Electrochemical Stress Development during CO and NO Oxidation on Pt

Wednesday, 27 May 2015: 09:00
Williford Room A (Hilton Chicago)
Y. Ha (University of Illinois at Urbana−Champaign), Y. Cohen (Nuclear Research Center-Negev, Israel), and A. A. Gewirth (University of Illinois at Urbana-Champaign)
The adsorption and oxidation of CO on Pt electrodes is among the most studied electrochemical reactions due to its fundamental importance as a simple model system and practical importance as CO is a well-known poison in fuel cells.1 We use in situ electrochemical surface stress measurements to monitor the surface stress development during the oxidation of CO on Pt electrodes where adsorbed CO reacts with oxygen-containing species on the surface via Langmuir-Hinshelwood mechanism.1-2 The nature of adsorbed CO layer and the role of oxygenated species are studied in both acid and alkaline media. Further, the effect of dissolved CO is examined. Another strong adsorbate, NO, is oxidized on Pt surface and the surface stress change is monitored. Despite the similarity in the electronic structure, the oxidation of NO follows a different mechanism where the complete oxidation of adsorbed NO is very difficult due to surface oxide formation.3The different role of oxygenated species on the surface can be seen from the surface stress response.

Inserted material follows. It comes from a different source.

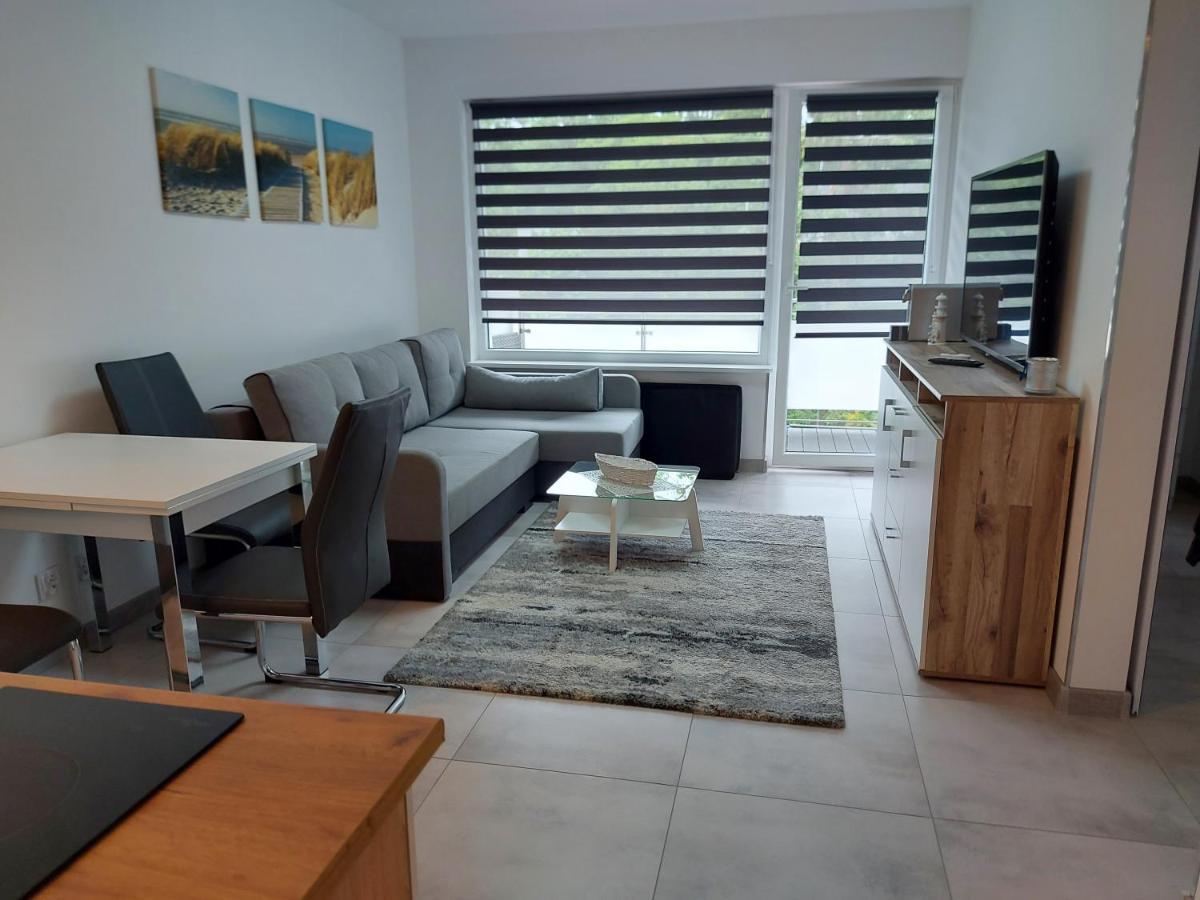 Nowy Apartament Z Balkonem Apartment Swinoujscie Exterior photo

 1.             Garcia, G.; Koper, M. T., Carbon monoxide oxidation on Pt single crystal electrodes: understanding the catalysis for low temperature fuel cells. Chemphyschem : a European journal of chemical physics and physical chemistry 2011, 12(11), 2064-72.

2.             Arenz, M.; Mayrhofer, K. J. J.; Stamenkovic, V.; Blizanac, B. B.; Tomoyuki, T.; Ross, P. N.; Markovic, N. M., The Effect of the Particle Size on the Kinetics of CO Electrooxidation on High Surface Area Pt Catalysts. J. Am. Chem. Soc. 2005, 127(18), 6819-6829.

3.             de Vooys, A. C. A.; Beltramo, G. L.; van Riet, B.; van Veen, J. A. R.; Koper, M. T. M., Mechanisms of electrochemical reduction and oxidation of nitric oxide. Electrochim. Acta 2004, 49 (8), 1307-1314.